Can you run it in Local mode from the keypad?


----------



## mollydog (Jan 9, 2009)

*Variable frequency drives*

Wow....... You are saying that there is Alternating current out-putting where direct current should be?

Two went down and all parameters are saying all is well ?

without being there maybe a PLC (programming problem)
two together, rule out PCB cards.

Can you give us more info, like how are they connected, there is power to both, what motors they serve and how they are turned on? Like from the PLC or some other device.

Don't rule out a limit switch some where. Jim


----------



## sparkywannabee (Jan 29, 2013)

Have you checked some random parameters against your parameter list to make sure a surge of some kind did not wipe parameter file clean.


----------



## John Valdes (May 17, 2007)

Zana said:


> So, peculiar case I have today. Had two ACH500s 'go down' at the same time. Thing is, the VFDs aren't reporting any sort of faults but just seem to be sitting there waiting for something. We had Siemens come by and check their BAS system, but of course the drives are still being blamed.
> 
> During some testing, I noticed the control cards seem to be outputting 5 VAC to the customer connections, even the one obviously labeled '24 VDC'. Anyone know what could cause this issue? The VFDs are powering on normally (no faults), so the circuit cards are getting the required voltage to turn on properly, but AC coming out of an obvious DC output is never a good thing.
> 
> The VFDs are ignoring the commands sent from the Siemen's control panel and won't power up the motors they're connected to.


Like Eric suggested. Will they run in local mode? If so, the drives are sitting there waiting for a command.

What command does the Siemens controller send to the drives?
Find out what type of command it is and make sure it is present when the Siemens controller is telling them to start.

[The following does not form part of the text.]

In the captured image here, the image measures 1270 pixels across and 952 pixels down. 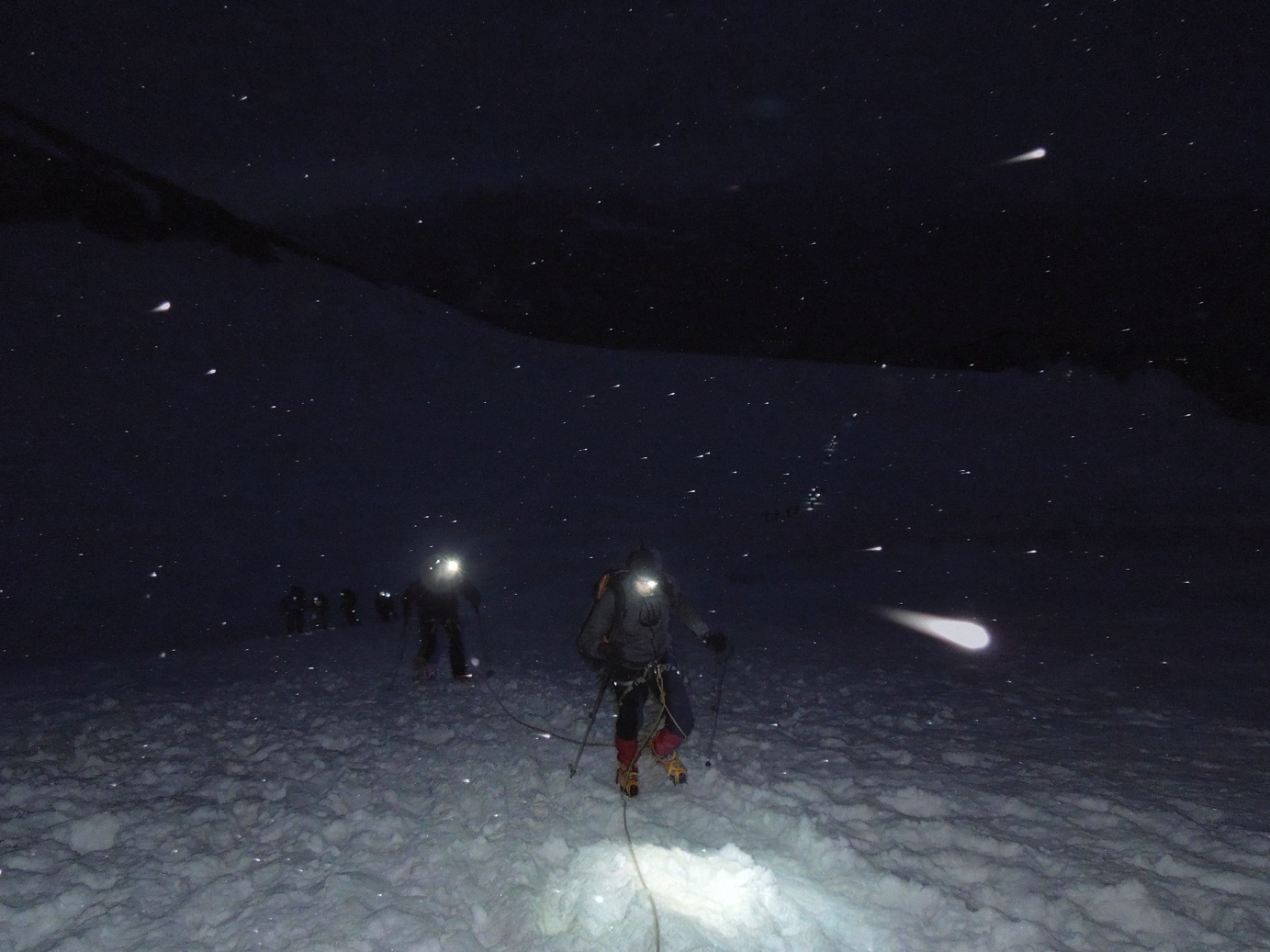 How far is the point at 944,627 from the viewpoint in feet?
52.0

Go to your parameters and see what operational mode this drive is set up for.
No fault and idle drives tell me the drive is waiting for you or the Siemens controller.


----------



## oliquir (Jan 13, 2011)

pretty sure they sent wrong voltage into the abb pcb and now pcb are gone.
try them in local mode, if it works, try them in remote but disconnect all wiring from siemens control panel and measure if 24vdc is now ok


----------



## JRaef (Mar 23, 2009)

Generally, "control boards" in a drive do not PRODUCE power, they are looking for changes to take place in a circuit, i.e. contact closures and resistance changes for inputs, or the CONTROL of external power from somewhere else, as is the case on outputs. SOMETIMES the drives will have a SMALL amount of output power available, say for driving an analog output for example. But you should NEVER try to use that to drive anything else, it will not have sufficient power to do something like, for example, turn on a DC relay coil. So if someone failed to read the manual WARNING them not to try to do that, you may have blown the power supply board. If you are lucky, maybe it just went into current limit to protect itself and has not fried.

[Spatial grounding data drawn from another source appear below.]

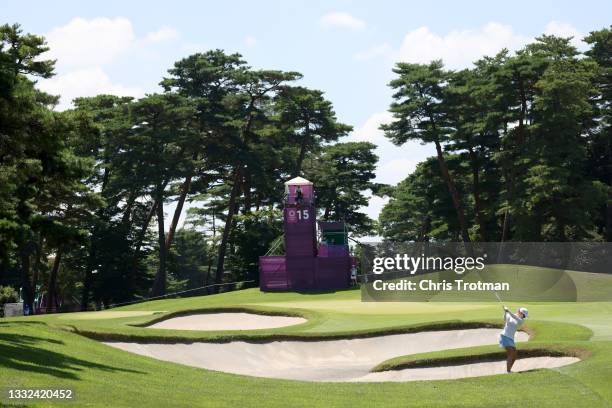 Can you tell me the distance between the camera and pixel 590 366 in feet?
71.5

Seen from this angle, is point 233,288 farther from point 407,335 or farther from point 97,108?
point 407,335

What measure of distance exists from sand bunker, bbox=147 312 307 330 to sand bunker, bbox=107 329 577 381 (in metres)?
8.55

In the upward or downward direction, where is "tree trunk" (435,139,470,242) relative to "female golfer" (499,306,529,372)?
upward

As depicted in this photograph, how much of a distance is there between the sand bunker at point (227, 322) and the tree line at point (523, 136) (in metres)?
31.2

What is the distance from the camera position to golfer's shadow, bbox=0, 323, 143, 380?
19.8 m

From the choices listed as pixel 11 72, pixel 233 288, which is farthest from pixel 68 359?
pixel 233 288

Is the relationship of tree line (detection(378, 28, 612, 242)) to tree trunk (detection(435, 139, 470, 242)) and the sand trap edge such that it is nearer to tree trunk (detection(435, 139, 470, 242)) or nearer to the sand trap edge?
tree trunk (detection(435, 139, 470, 242))

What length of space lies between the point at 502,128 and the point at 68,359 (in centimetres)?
6050

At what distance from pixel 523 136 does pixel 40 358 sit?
58801 mm

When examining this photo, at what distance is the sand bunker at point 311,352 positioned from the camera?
30.5 meters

So go back and THOROUGHLY read the manual and understand what it is you are looking at, and what the limitations are, then compare that to the BAS wiring that Siemens did. You might find that they got lazy and rather than put in their own 24VDC power supply, they tried to tap off of the on-board power supply, which cannot handle the load they are trying to draw from it.

By the way, this is a VERY common problem with HVAC guys.


----------



## JRaef (Mar 23, 2009)

A quick look at the manual shows that terminal 7 on the control card is a 24VDC supply, but is limited to 200mA maximum, basically enough to drive a couple of pilot light bulbs. There is another 24VDC supply at terminal 10 for use with the digital input devices, i.e. contact closures. That is limited to 10mA!

Also, if you are reading an AC signal on the DC input wiring, that may indicate that nobody took the requirement for shielding the input conductors seriously, and/or some are run in parallel with AC conductors instead of crossing them at right angles, so you are getting induced voltages on the inputs and confusing the heck out of the VFD, if not damaging it.


----------